その心意気は美しい、それがまずい、気付けない、気持ちがいいし。
お金がなくて飲み屋のおねえちゃんをやっていた時期があって、なんかそんときの消耗に似ている気がするんだ。
かっこつけるのも、ばちばちにきめて自分を高めるのも、それ自体はぜんぜん素晴らしいことなんだ。
君に会いたくて飲みに来たんだって言われたらそりゃ嬉しいし誇らしいんだ。
でも、君ってだれだ?
飲み屋のおねえちゃんの皮をかぶっているわたしだ、嬉しいのはほんとう、中身も喜んでるよ。
けどなんかな。
そうだな、ちょっと安直な例えだけど、スポンジから頑張って作ったケーキ、デコレーションだけ褒められたかんじだろうか。

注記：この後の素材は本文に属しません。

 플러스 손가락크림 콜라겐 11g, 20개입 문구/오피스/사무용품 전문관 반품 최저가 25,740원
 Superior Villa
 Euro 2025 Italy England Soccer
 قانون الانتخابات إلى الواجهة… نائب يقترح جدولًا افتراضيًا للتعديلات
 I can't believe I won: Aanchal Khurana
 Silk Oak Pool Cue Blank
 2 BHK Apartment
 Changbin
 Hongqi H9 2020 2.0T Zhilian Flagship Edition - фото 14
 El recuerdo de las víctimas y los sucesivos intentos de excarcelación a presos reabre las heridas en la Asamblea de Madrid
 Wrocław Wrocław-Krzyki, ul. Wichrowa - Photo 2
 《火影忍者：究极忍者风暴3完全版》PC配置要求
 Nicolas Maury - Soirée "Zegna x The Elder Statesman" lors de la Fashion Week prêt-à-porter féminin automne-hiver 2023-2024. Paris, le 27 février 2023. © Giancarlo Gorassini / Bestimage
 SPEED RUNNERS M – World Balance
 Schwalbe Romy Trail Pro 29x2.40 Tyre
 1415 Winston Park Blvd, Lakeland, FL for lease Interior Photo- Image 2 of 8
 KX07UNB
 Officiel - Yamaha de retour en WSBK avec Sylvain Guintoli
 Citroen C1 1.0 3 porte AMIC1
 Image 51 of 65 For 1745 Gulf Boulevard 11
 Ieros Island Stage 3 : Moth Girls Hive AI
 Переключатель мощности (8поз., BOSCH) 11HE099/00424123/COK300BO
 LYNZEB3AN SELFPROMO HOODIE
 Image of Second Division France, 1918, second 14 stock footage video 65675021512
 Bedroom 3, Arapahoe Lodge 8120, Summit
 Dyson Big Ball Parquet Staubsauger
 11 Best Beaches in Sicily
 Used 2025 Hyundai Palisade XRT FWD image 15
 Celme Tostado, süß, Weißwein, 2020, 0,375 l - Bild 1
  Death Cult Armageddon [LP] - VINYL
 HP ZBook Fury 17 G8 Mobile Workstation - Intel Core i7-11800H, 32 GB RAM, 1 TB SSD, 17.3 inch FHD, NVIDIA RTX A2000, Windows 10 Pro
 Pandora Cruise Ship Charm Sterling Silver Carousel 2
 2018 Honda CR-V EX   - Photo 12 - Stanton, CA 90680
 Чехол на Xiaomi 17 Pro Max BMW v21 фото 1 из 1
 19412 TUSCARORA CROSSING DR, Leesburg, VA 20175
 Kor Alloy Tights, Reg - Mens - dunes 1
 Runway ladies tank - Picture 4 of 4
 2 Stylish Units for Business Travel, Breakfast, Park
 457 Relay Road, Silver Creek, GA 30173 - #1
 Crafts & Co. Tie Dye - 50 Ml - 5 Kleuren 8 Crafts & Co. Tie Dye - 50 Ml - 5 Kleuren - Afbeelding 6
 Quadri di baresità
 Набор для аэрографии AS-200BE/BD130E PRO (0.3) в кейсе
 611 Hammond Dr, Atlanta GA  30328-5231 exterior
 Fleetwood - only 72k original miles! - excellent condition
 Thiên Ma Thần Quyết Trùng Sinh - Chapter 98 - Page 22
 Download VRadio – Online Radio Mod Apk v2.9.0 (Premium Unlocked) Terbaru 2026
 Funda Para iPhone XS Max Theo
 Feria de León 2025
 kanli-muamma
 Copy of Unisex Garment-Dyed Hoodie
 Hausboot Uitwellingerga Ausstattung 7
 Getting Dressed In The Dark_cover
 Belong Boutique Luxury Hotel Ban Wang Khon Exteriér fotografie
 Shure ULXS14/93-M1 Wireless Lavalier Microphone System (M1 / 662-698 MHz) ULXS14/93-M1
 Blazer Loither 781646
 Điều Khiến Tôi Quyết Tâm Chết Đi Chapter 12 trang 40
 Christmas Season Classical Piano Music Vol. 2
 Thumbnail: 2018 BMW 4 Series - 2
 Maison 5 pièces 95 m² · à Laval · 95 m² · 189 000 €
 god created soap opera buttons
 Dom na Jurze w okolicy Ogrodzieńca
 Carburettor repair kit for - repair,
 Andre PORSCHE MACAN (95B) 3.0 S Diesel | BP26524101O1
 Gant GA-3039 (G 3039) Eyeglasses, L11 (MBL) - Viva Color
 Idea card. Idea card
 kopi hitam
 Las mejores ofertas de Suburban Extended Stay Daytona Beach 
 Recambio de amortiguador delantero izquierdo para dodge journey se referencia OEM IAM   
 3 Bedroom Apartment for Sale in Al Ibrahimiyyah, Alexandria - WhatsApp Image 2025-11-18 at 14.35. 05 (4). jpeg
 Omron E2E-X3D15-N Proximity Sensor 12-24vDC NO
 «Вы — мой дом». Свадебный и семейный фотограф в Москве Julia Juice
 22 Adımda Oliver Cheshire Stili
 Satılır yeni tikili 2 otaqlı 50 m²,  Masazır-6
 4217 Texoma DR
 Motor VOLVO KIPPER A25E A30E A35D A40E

デコレーションももちろん頑張ったから褒められて嬉しいけどスポンジのことも頑張ったの。
ケーキの大部分はスポンジ部分なのよね。
きみはスポンジも食べるのよね。
そういう消耗かしらね。
そいつに気づいたんだな。
なにものかになりたいと、今は全然思わない。
名前を間違えられても気にならないわ。
ただうつくしく存り、自分を見つめながら生き続けることのほうが、いまは大事だ。
中身を研ぎ澄ましていくことこそが、よりよいものをつくることへのいちばん真っ直ぐで選ぶべき道だと、思っている。